[Items listed in a dataset]
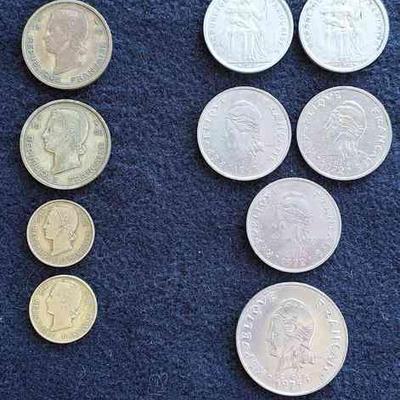 French Polynesian Coins * 20 Francs $3 * 50 Francs $1.94-$4.33 * 1956 French W African Coins
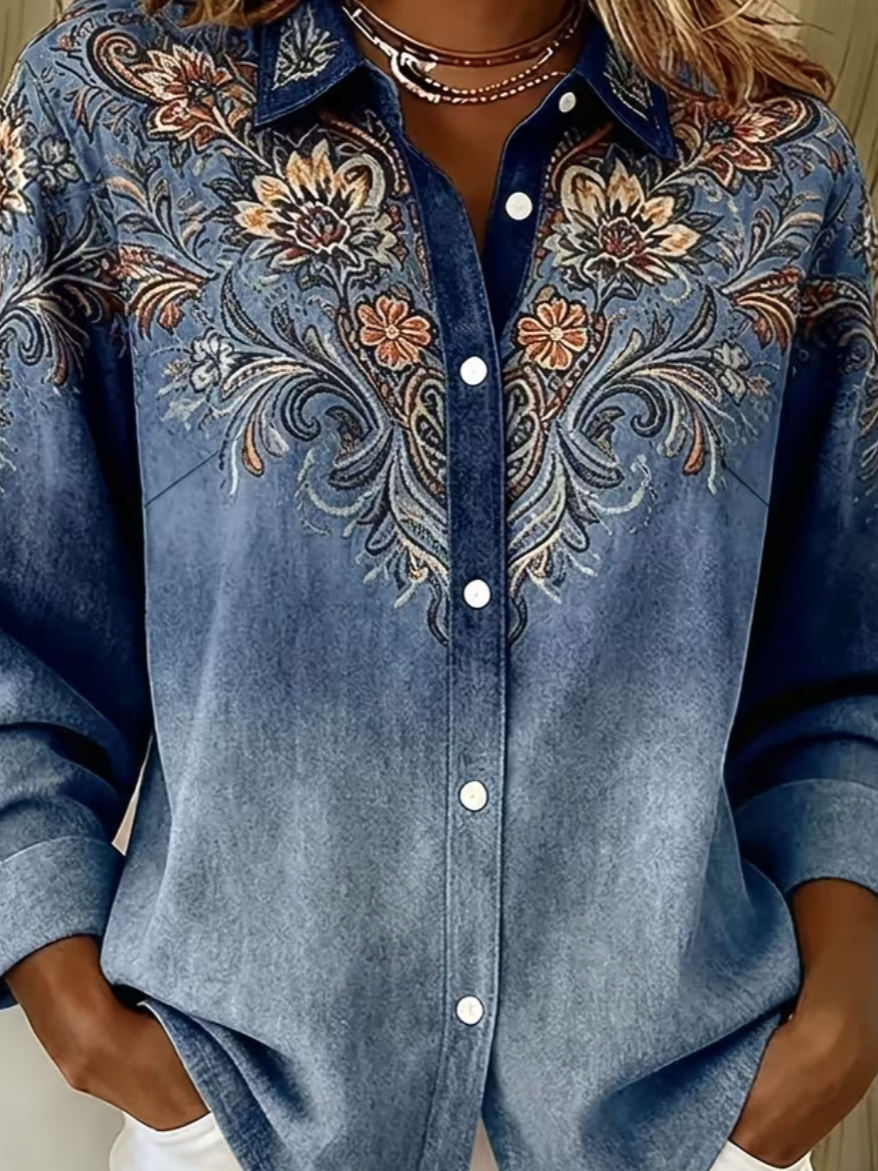 Shirt Collar Casual Faux Denim Print Graphic Loose Shirt
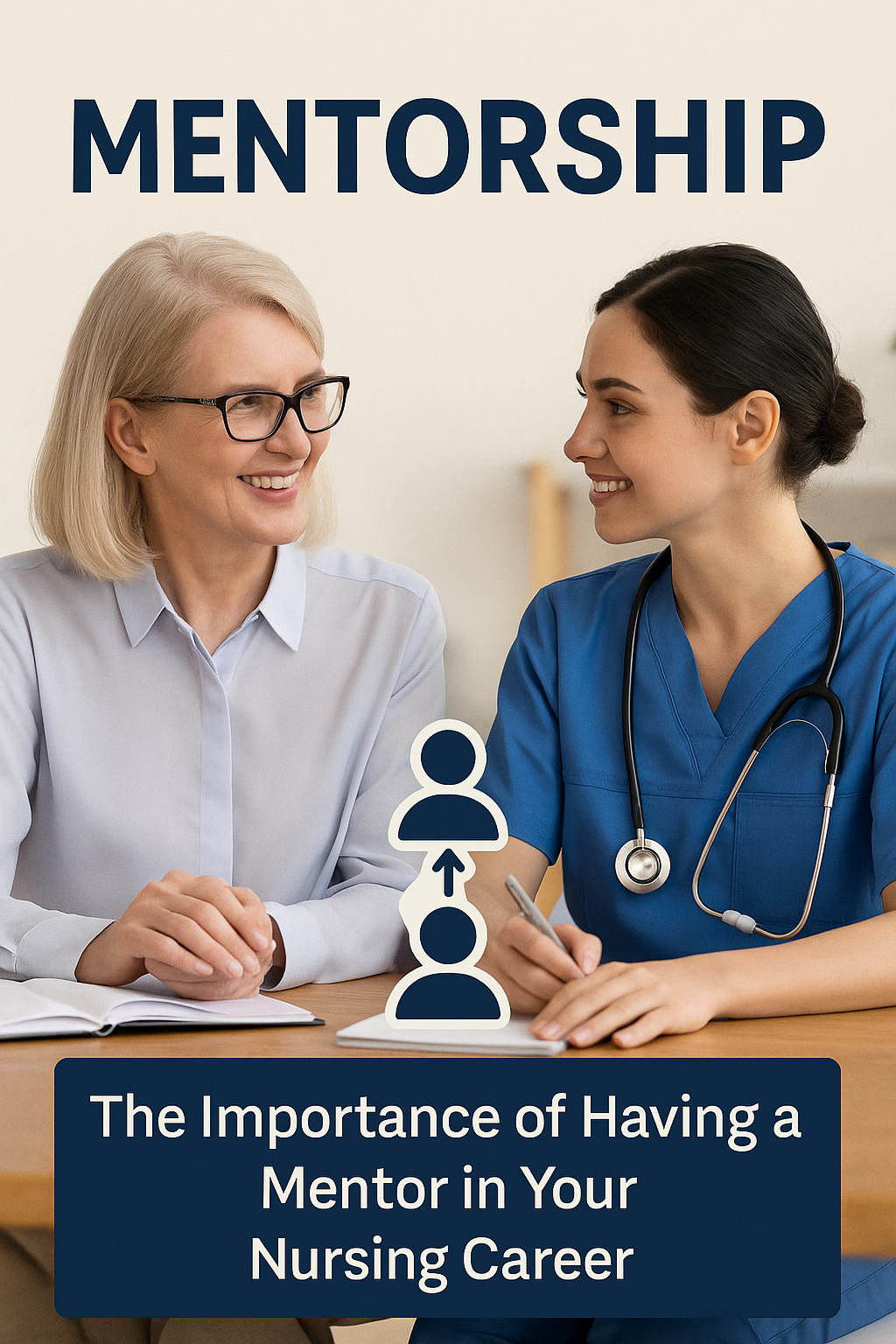 A nurse mentor and mentee sit together at a table, smiling and talking, symbolizing the importance of mentorship in nursing.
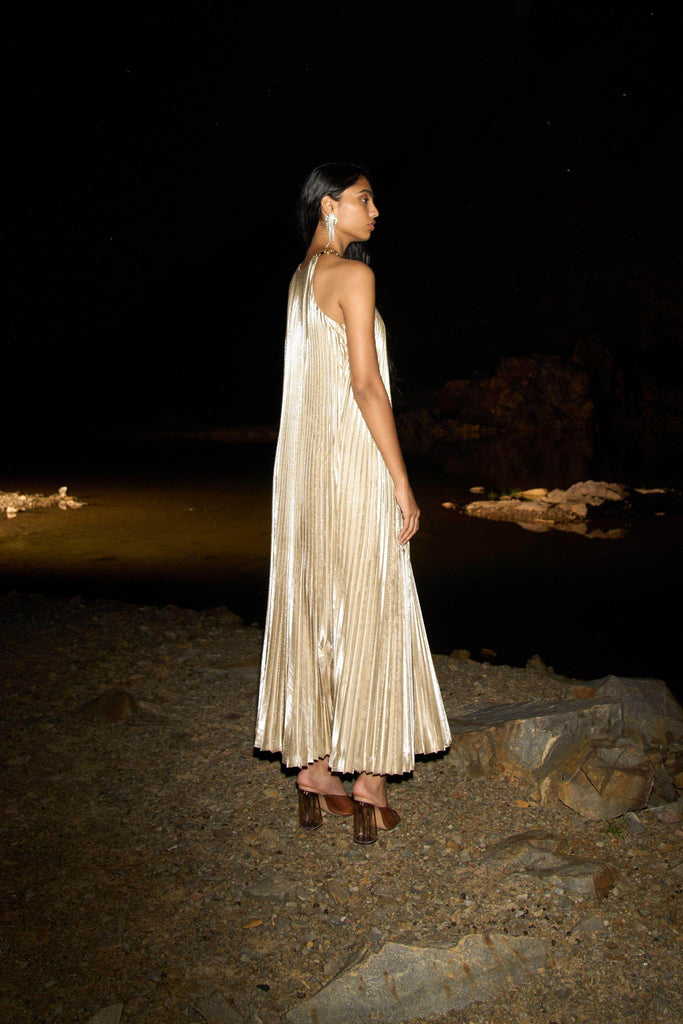 LAMÉ PLEATED MAXI - dash and dot dash and dot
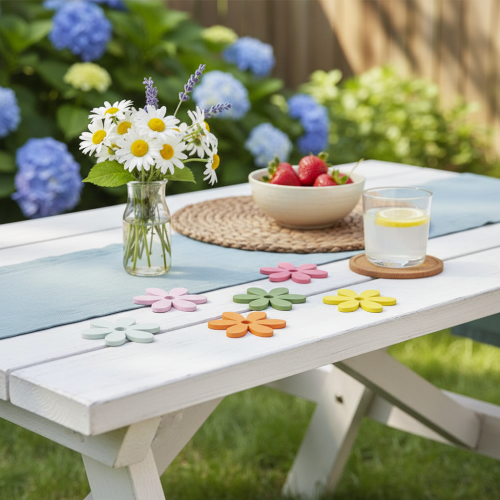 položky Bodová dekorácia drevené kvety farebná stolová dekorácia Ø3-4cm 48 ks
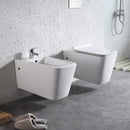 Coppia di Sanitari WC e Bidet Sospesi Filo Muro in Ceramica 36,5x58x33cm Bianco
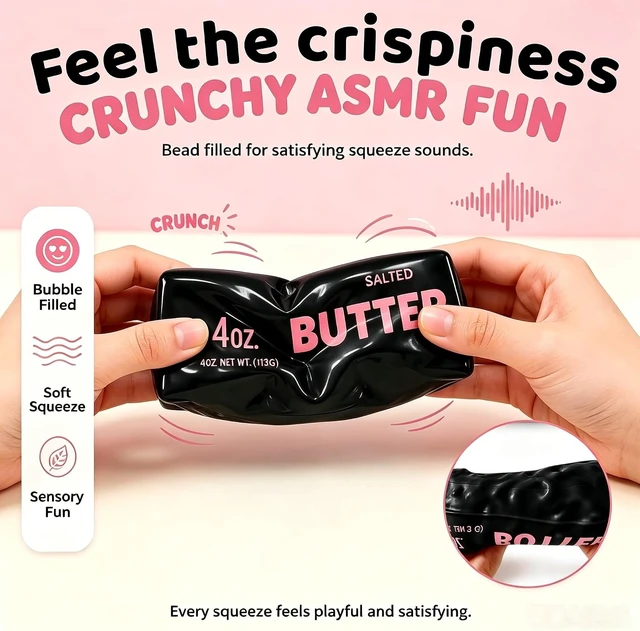 Alt view image 4 of 7 - Crunchy Butter Squishy, Slow Rising ASMR Squeeze Toy, Desktop Decor & Gift Black Crunchy Butter Squishy, Portable Stress Relief Sensory Fidget Toy, Crunchy Squishies Sensory Toys for Kid & Adult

# WHAT NEEDS TO BE DONE:
Please return, without any change, the lines from the line containing "položky Bodová dekorácia" through the last line of the entries, dropping the pictures.

# EXERCISE RESULT:
 položky Bodová dekorácia drevené kvety farebná stolová dekorácia Ø3-4cm 48 ks
 Coppia di Sanitari WC e Bidet Sospesi Filo Muro in Ceramica 36,5x58x33cm Bianco
 Alt view image 4 of 7 - Crunchy Butter Squishy, Slow Rising ASMR Squeeze Toy, Desktop Decor & Gift Black Crunchy Butter Squishy, Portable Stress Relief Sensory Fidget Toy, Crunchy Squishies Sensory Toys for Kid & Adult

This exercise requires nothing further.